Keyword Planner not accurate? And Further Adwords Tests

10 replies
  • PPC/SEM
  • |
Howdy!

I just set up a test campaign with Adwords.
I haven't got any traffic yet but I have concern regarding the Suggested Bid from Keyword planner which is low comparing with what the Adwords Campaign is suggesting.

This is for a spanish campaign in Google Mexico.

In Keyword Planner, the keyword has low competition, high traffic (22k a month) and a suggested bid of $0.08.

But once I put this keyword in the campaign it tells me that the suggested bid is $1? If I add the $1 as my suggested bid it tells me that I may get 1 click a day for $0.48 - $0.64.

My campaign is for the Search Network only.

Something here does not make sense, or there is something I don't understand!

Can someone here shed some light into this? what variables I'm not seeing?
#accurate #keyword #planner
  • Profile picture of the author edumira
    Alright I have just run this for a day with no bad results at all except on sales. Seems that CB product does not sell very well.

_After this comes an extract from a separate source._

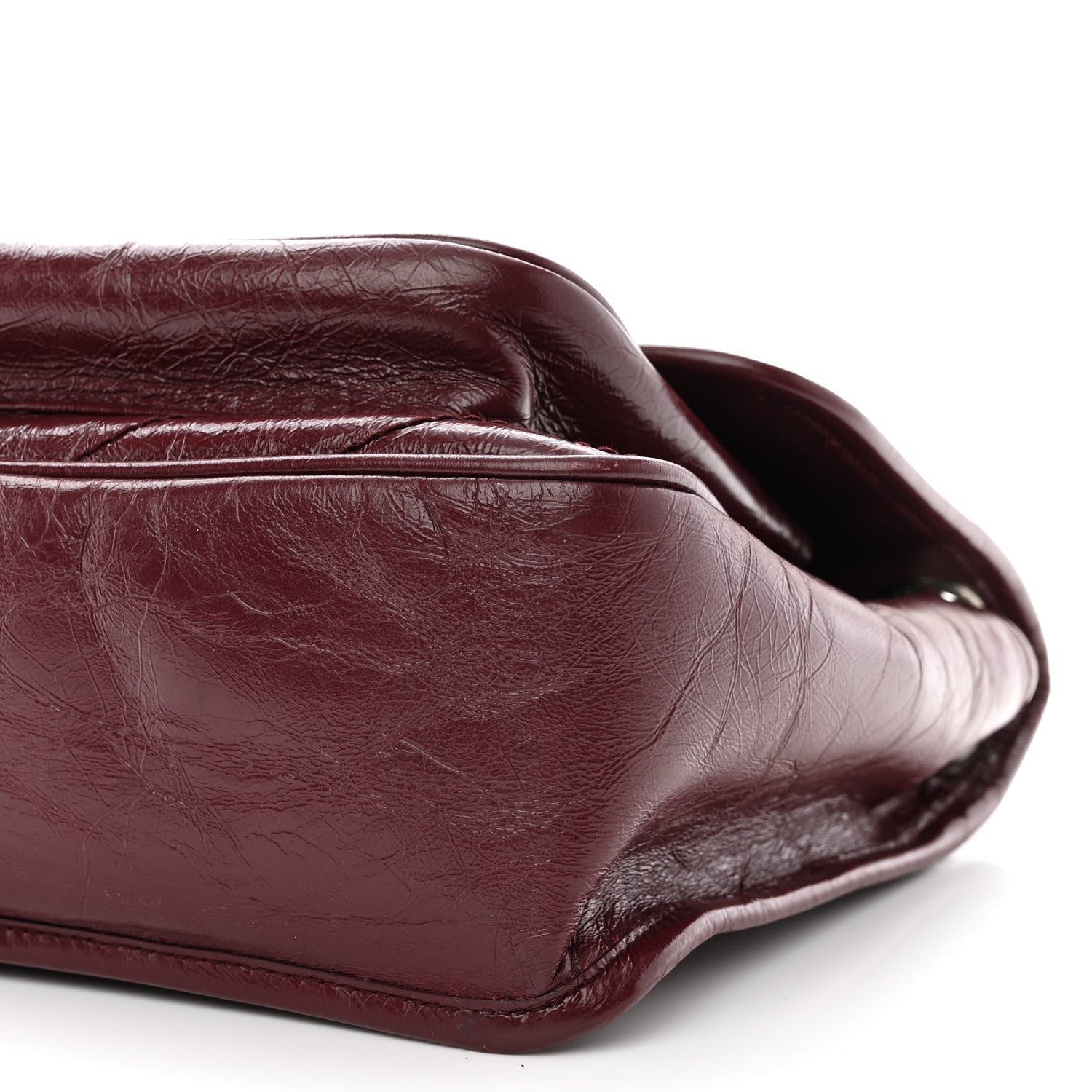 Saint Laurent Crinkled Calfskin Matelasse Monogram Medium Niki Chain Satchel Rouge Legion 10 of 10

    Anyway this is what I'm getting with the adwords campaign:
    Clicks: 151
    Impr: 943
    CTR: 16.01%
    Avg. CPC: €0.11
    Cost: €16.97
    Avg. Pos: 1.8

    -----
    Prosper202 has different results:
    Clicks: 68
    Click Throughs: 48
    LP CTR: 64.71% (not bad I'd say?)

    -----

    Now the trouble bit:
    ClickBank analytics:
    Sales: ZERO.
    Hops: 109
    Order Form Impr: 11

    -----

    My Notes:
    Seems that while the campaign is doing well, the LP is working well, etc the Offer is not converting.
    Also I can see massive differences between what I get from Adwords, Prosper202 and Clickbank.

    -----

    My questions to the community..

    What would you do? Ditch this? or wait a couple of days to see how it fares? I may get some sales yet. The pay out for the offer is $27 and so far I have spent in adwords $19.22 (€17).

    Any ideas? I'm pretty new to adwords and this is a trial. So any insights would be welcome!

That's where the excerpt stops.